O correspondente da BBC em Pequim Daniel Griffiths afirmou que crianças de 9 anos de idade trabalhavam várias horas diárias em fábricas, sendo que algumas foram vendidas e outras enviadas pelos pais para tentar escapar da pobreza.

O jornal China Daily afirmou que 167 crianças foram resgatadas da fábrica na cidade de Dongguan e as autoridades informaram que foram feitas várias prisões.

Segundo informações ainda não confirmadas podem existir mais de mil crianças trabalhando nestas condições em pelo menos uma cidade do sul da China.

Operação
Em 2007 o governo chinês anunciou uma grande operação para combater o trabalho escravo e o trabalho infantil.

A operação foi anunciada depois que foram divulgadas informações de que crianças eram forçadas a trabalhar em fábricas de tijolos na China.

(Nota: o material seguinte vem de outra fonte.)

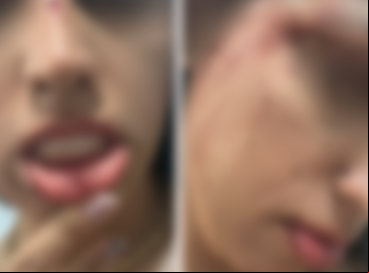 Dentista denuncia agressão sofrida por ex-namorado policial, no Ceará 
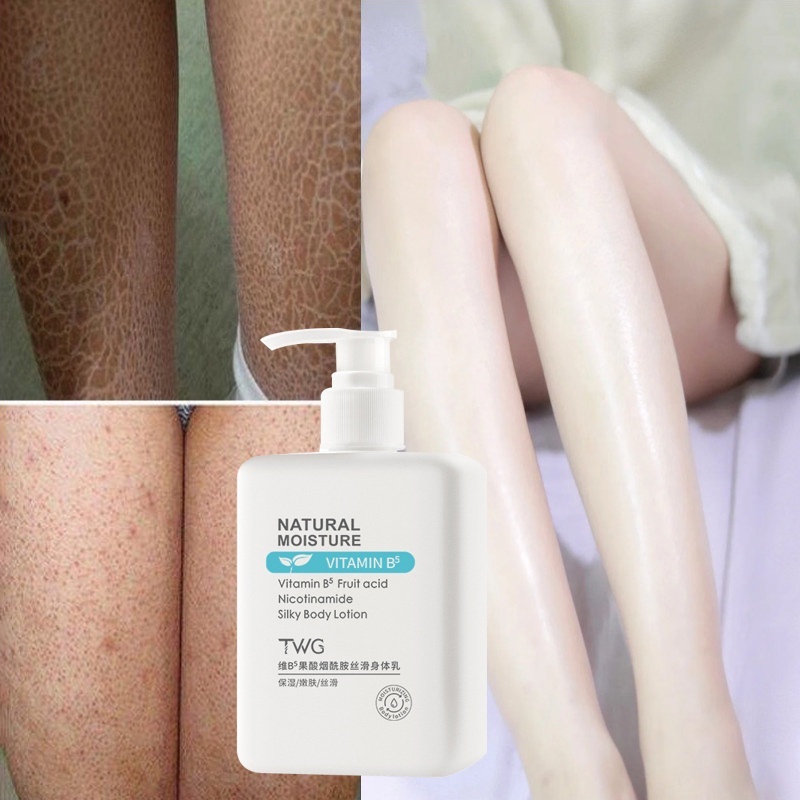 Kem dưỡng thể Niacinamide vitamin B5 Kem dưỡng trắng da toàn thân Dưỡng ẩm Làm sáng da 300ml làm trắng toàn thân mà không gây kích ứng, làm trắng da nhanh chóng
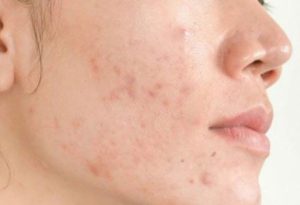 cham-soc-da-sau-khi-lay-nhan-mun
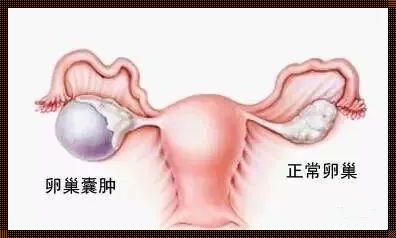 右侧卵巢囊肿生理性治疗的探索与实践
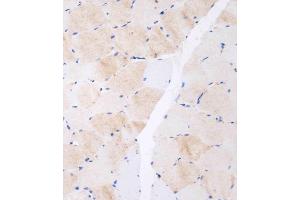 Immunohistochemistry (Paraffin-embedded Sections) (IHC (p)) image for anti-C-Type Lectin Domain Family 4, Member F (CLEC4F) (AA 311-339), (C-Term) antibody (ABIN655236)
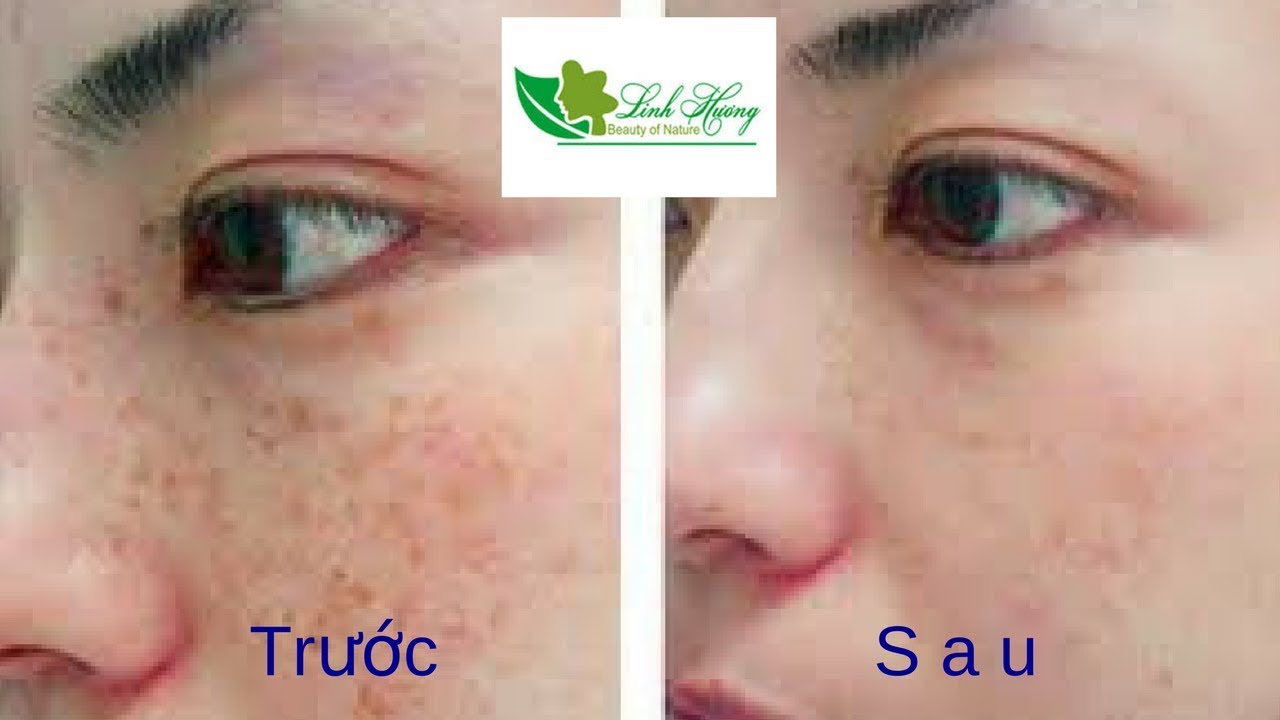 Tinh chất nám Linh Hương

Mas, segundo Griffiths, este último incidente sugere que as práticas do trabalho escravo e infantil ainda são comuns na China.

Os jornais locais afirmaram que os líderes comunistas da cidade de Dongguan disseram à polícia e às autoridades trabalhistas para resgatarem as crianças e punir os responsáveis pelo tráfico destas crianças.

Mas eles acrescentaram que duas das meninas resgatadas pareciam relutantes em deixar o local onde trabalhavam e voltar para a miséria de seus próprios vilarejos.